Kimse bilmez dilim benim.
Yunus Emre
Dil bilgisinin muhatabı insandır. İnsanın gereksindiği ihtiyaçlar arasında dil bilgisi en öncelikli sırayı alır. İlkel insan ilk önce dilde birlik sağladıktan sonra kavim veya kabile hayatına geçmiştir.
Fikir ve düşüncelerimizi ifade etmek ve tüm ihtiyaclarımızı karşılamak için dil bilgisinden yararlanırız. Ve hatta ”düşünürken konuştuğumuz” dil ile düşünürüz. Konuştuğumuz dili ne kadar iyi bilirsek, düşüncelerimiz o derece sağlıklı ve sağlam gelişir. Çünkü düşünce ve fikirlerin ifade edilmesinde, dilden başka bir ifade tekniği mevcut değildir. Konuştuğumuz dil, atalarımızdan bize veraset yolu ile intikal eden ve kendi kurallarına bağlı olarak gelişip yaşayan canlı bir varlıktır. Ve yine dil, insanoğlu için evrensel bir unsur olarak çiçek açan, evrensel olgunlaşmayı sağlayan en önemli araçtır.

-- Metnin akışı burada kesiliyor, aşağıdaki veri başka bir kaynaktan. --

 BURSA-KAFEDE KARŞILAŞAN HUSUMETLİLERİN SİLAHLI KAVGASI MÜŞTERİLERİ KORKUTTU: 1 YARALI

Tatilim süresince Türkiye’de gençlerin kendi aralarında İngilizce aksanı ile Türkçe konuşma özentisine üzülerek şahit oldum ve uyarmaya çalıştım. Uyarılarımı ciddiye alan bazı gençlerden eleştiri’de aldım. Karşı eleştiri olarak, reklam panoları, mağazalar ve dükkan isimlerinin dahi yabancı dille yazılmış tabelalarını gösterdiler. Göz aşinalığı yapan tabelaları asanları uyarmamı tavsiye ettiler. Kimi gençler konuşurken ne kadar yabancı kelime kullanılır ise o kadar entel kabul edildiklerini idda ettiler. Her ne şekilde olursa olsun sonucu tahmin edilemeyecek kadar tehlikeli bir özentiydi gençlerin tutumları. Bence gençler yabancı dil bilmekle yabancı lisanı benimseyip kabullenmenin ne kadar tehlileli olacağının farkında değildiler. Tehlikeninin ciddiyetin kavrayan her kesimin, ana, baba, eğitim kurumları, medya ve her vatandaşın sorumluluk duygusuyla genclerimizi aydınlatarak dilimize sahip çikma zorunluluğu vardır. Aksi taktirde bir birimizi anlamakta güçlük ceker tartışan değil çatışan maskara bir toplum oluruz mazallah.
Yazının başında işaret ettiğim gibi, cahil olarak kabul ettiğimiz ilkel atalarımız bile, varlığın devamı ve birlikte yaşayabilmek için, öncelikle dilde birliğin sağlanmasının gerekli olduğunu kavramışlardır. Aydın ve medeni olan bizlerin görevi ilkel atalarımızdan miras kalan dilimize daha çok sahip çıkrak korumak olmalıdır.